Illustrative nonconductive surfaces are designated in the drawing by the 
reference numerals 18 and 19, respectively. 
Curing of the adhesive layers 16 and 17 is a sequential two-step process. 
First, the nonconductive adhesive layer 17 is cured to bond the component 
10 to the substrate 11 in a manner that subjects the anisotropically 
conductive adhesive to pressure as a result of the bonding forces applied 
to it by the set nonconductive adhesive. The assembling equipment for 
placing and/or holding component 10 on the substrate 11 can then be 
released.
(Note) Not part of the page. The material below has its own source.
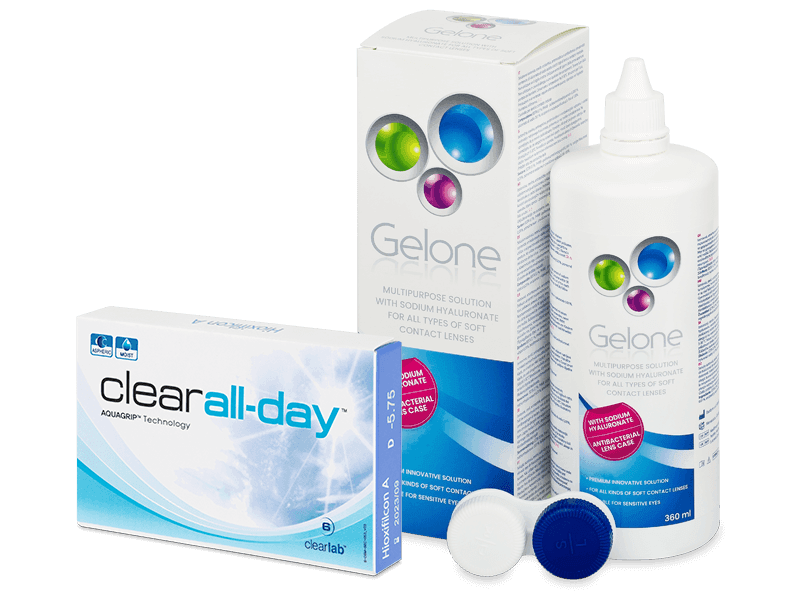 Clear All-Day (6 lenti) + soluzione Gelone 360 ml - Package deal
The anisotropically conductive adhesive is subsequently cured 
without further external curing pressure being applied to component 10. 
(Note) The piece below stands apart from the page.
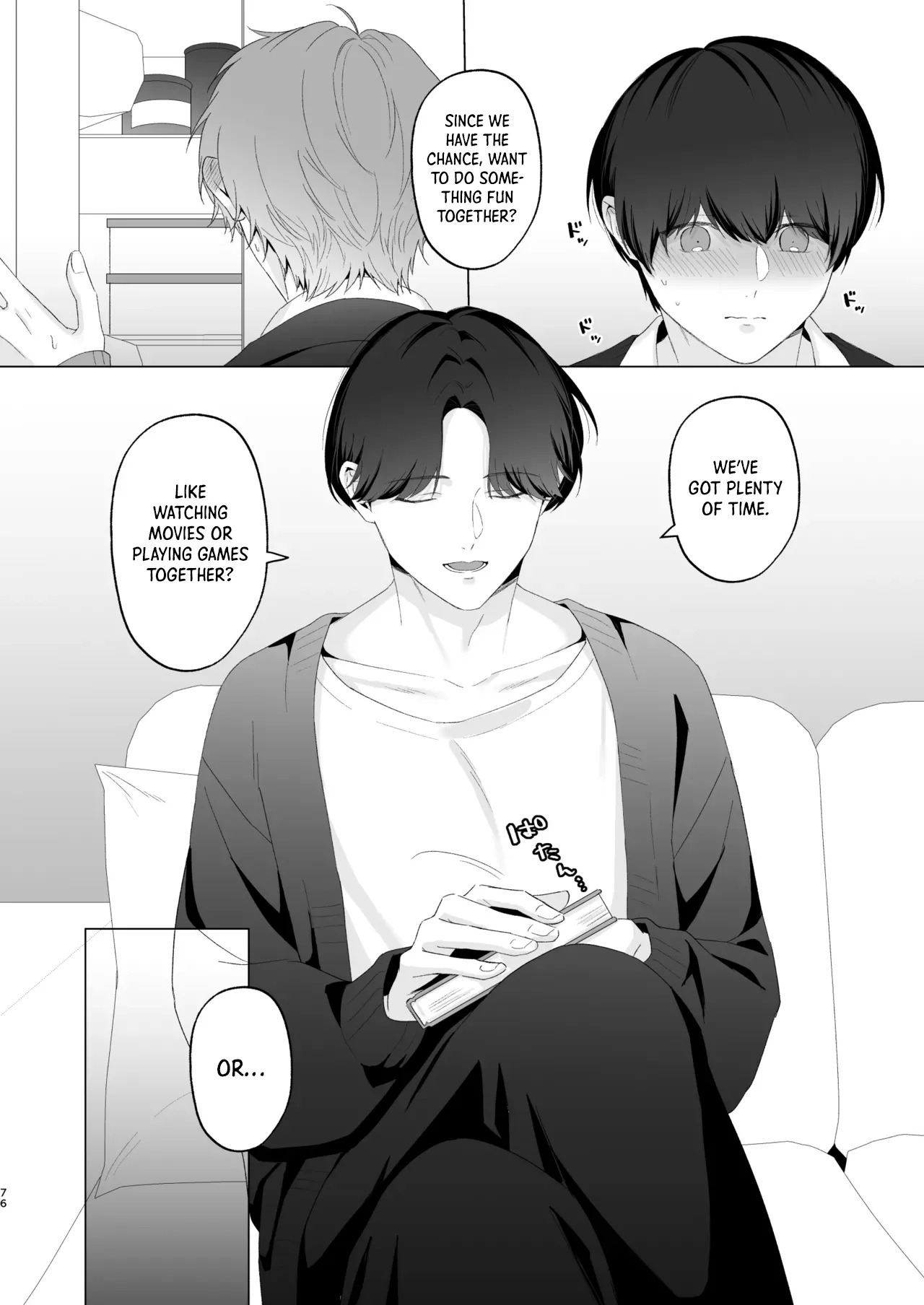 [Potato Farm (Oimo)] San Kyodai de Nakayoshi Etchi Chinan Ukete [English] {Yengli} [Digital] - Page 76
This results in bonding of the corresponding conductive surface areas 12, 
13 and 14, 15 to one another, causing the conductive particles within the 
anisotropically conductive adhesive to form electrically conductive paths 
between the corresponding conductive surface areas as a result of the 
holding pressure of adhesive 17 while adhesive layers 16 are being cured. 
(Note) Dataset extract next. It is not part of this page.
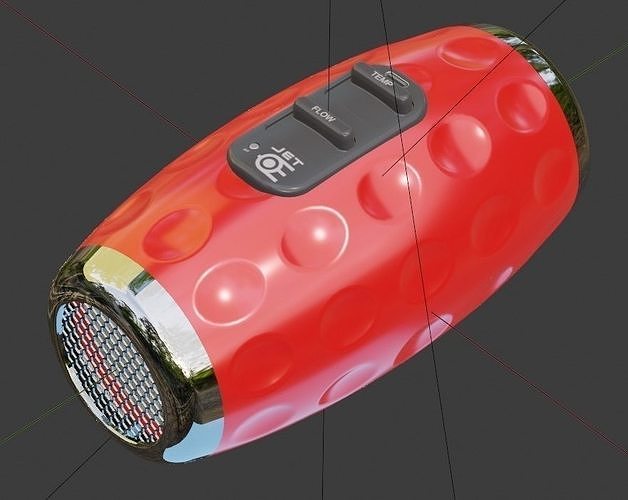 JET Hairdryer 3D model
The pressure applied to the layers of adhesive 16 by action of the cured 
adhesive 17 reduces the thickness of the conductive adhesive to the 
operable conductive dimension at which conductive paths are completed 
through the particles within the adhesive composite during its curing 
process. 
Two submethods for effectively setting the anisotropically conductive 
adhesive 16 under the curing pressure imparted by action of adhesive 17 
have been identified to this point. 
The first submethod involves use of a high shrinkage nonconductive adhesive 
that cures at an energy level or temperature substantially lower than that 
required to set or cure the anisotropically conductive adhesive. 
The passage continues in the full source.